Cependant, bien qu’on ait coutume de situer l’œuvre d’Olitski du côté du Color Field Painting, les tableaux proposés font la démonstration du positionnement particulier de ce peintre qui, loin de choisir entre Color Field Painting et Action Painting, allie les deux courants opposés de l’expressionnisme abstrait.
Intitulée The Mitt Paintings, ce qu’on pourrait traduire par « peintures à la moufle », l’exposition se concentre en effet sur la technique que l’artiste adopte de 1988 à 1993. S’intéressant aux effets de profondeur créés par les différents moyens d’étaler la peinture qu’il expérimente (le pistolet à air comprimé, le rouleau, le chiffon ou encore le racloir), Olitski en vient à vaporiser abondamment de la couleur brute sur ses toiles avant de l’étaler ensuite à l’aide d’une moufle.

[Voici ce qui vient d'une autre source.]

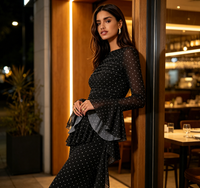 Robe de soirée longue sirène irrégulière en maille noire à pois avec taille froncée et manches évasées à volants pour femme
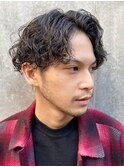 ツイストスパイラルパーマセンターパートツーブロックメンズヘア
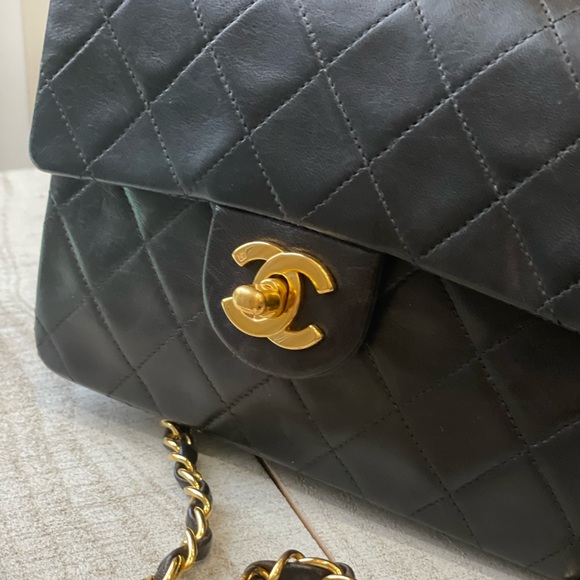 💕Vintage CC Mini Square / Price is Firm 🤗 - Picture 3 of 13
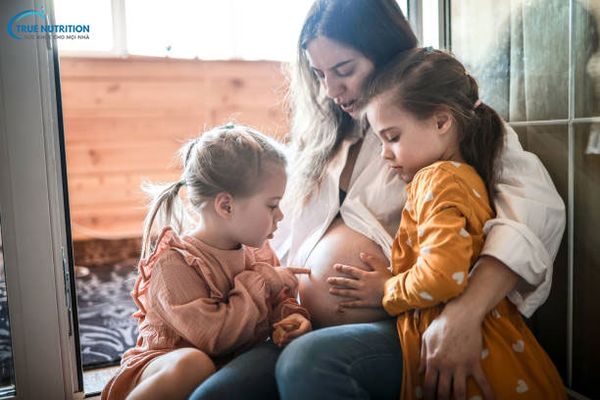 Giải mã mẹo dân gian 'Nhìn que thử thai đoán trai hay gái' - thực hư ra sao?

Les traces de ce geste manuel sont ainsi visibles à la surface de chacun des tableaux de cette série même s’il faut noter que, pour cet artiste appartenant à la seconde génération des artistes dits « colorfield », l’idée d’une expressivité reflétant l’état d’esprit de son auteur a largement disparu. C’est la tentation d’une réflexion sur la peinture par la peinture qui depuis les années 60 anime Olitski et c’est sans doute ce qui explique qu’il réintègre le geste dans la couleur. Ce geste est celui du peintre – la gamme de gestes à sa disposition pour peindre – et non celui d’un individu animé par des sentiments comme c’était le cas par exemple de Pollock.
Dans ces œuvres qui font suite aux peintures des années 70 et 80 déjà présentées en 2015 et en 2019 par la galerie Templon, Olitski expérimente les effets de la lumière sur la matière. Comme les spectateurs de l’exposition pourront le découvrir, ces essais l’amène à troubler la distinction entre peinture et sculpture. Sous l’effet de la lumière, certaines œuvres semblent être des reliefs directement taillés dans la peinture, elles forment « un jet de couleur dans l’air qui reste là, suspendu » selon les mots de l’artiste lui-même.